[Saved data entries]
▼▼▼

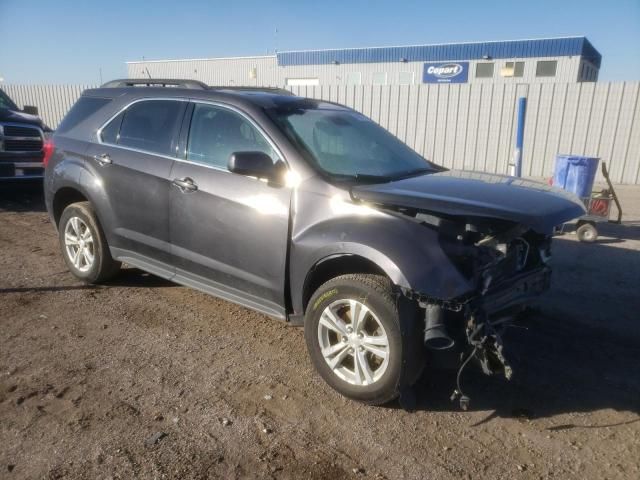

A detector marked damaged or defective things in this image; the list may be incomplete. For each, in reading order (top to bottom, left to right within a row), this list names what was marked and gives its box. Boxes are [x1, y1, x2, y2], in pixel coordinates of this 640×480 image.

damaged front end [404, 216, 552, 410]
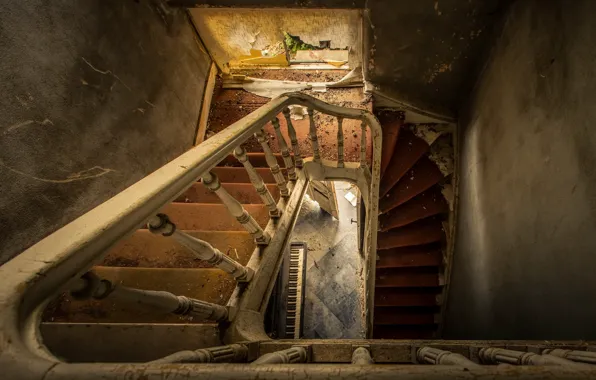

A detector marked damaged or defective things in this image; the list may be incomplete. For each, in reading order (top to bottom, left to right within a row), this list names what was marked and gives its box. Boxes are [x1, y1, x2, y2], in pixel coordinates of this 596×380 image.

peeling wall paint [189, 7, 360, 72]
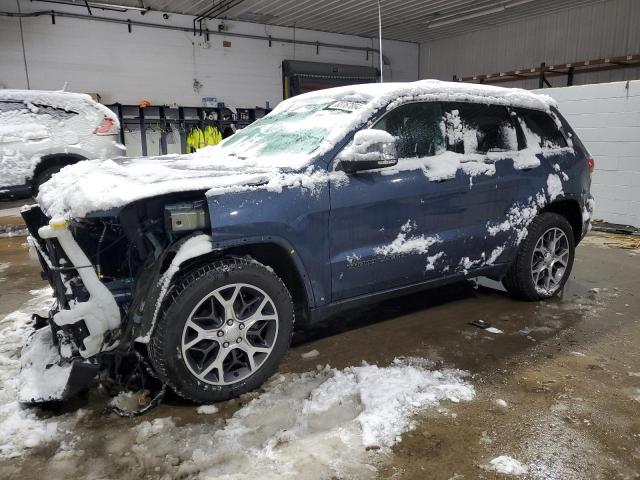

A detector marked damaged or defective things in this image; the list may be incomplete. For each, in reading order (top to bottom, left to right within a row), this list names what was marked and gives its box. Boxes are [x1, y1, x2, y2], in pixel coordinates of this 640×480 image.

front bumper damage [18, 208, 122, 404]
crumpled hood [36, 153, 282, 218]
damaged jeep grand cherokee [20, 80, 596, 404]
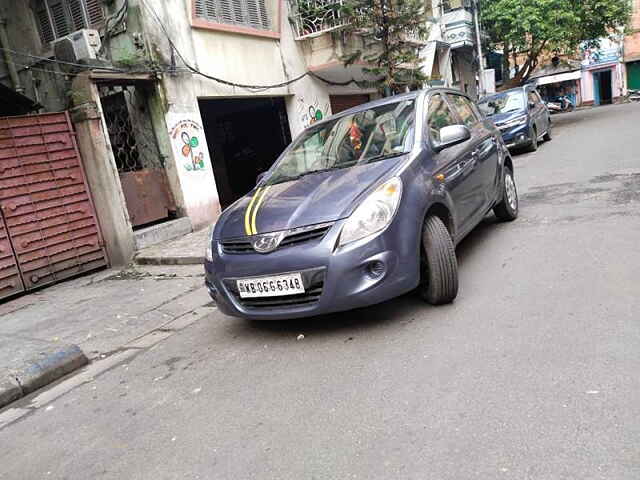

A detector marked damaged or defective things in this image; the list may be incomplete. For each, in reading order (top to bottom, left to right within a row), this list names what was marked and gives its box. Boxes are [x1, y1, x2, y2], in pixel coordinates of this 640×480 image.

▲▲▲

What is being asked.
Apart from the pictures, all of the data should be repeated exactly.

Reply to the exercise.
A detector marked damaged or defective things in this image; the list may be incomplete. For each, in reading order (top to bottom, left to right within a row), this list names what was marked and gives its box. Boxes are [x1, y1, x2, y2], in pixel coordinates of this 640×480 image.

damaged front end [404, 216, 552, 410]

A detector marked damaged or defective things in this image; the list may be incomplete. For each, in reading order (top to bottom, left to right within a row), this list names what was marked and gives its box. Boxes are [x1, y1, x2, y2], in pixel coordinates of this 596×380 image.

peeling wall paint [189, 7, 360, 72]

A detector marked damaged or defective things in this image; the list may be incomplete. For each, in reading order (top to bottom, left to right within a row), this list names what was marked and gives its box. Boxes are [x1, y1, x2, y2], in pixel coordinates of this 640×480 image.

front bumper damage [18, 208, 122, 404]
crumpled hood [36, 153, 282, 218]
damaged jeep grand cherokee [20, 80, 596, 404]

A detector marked damaged or defective things in this image; the list may be incomplete. For each, in reading order (top to bottom, left to right within a row), this list names what was marked and gives its box. Boxes are [x1, y1, x2, y2], in pixel coordinates of this 640×480 image.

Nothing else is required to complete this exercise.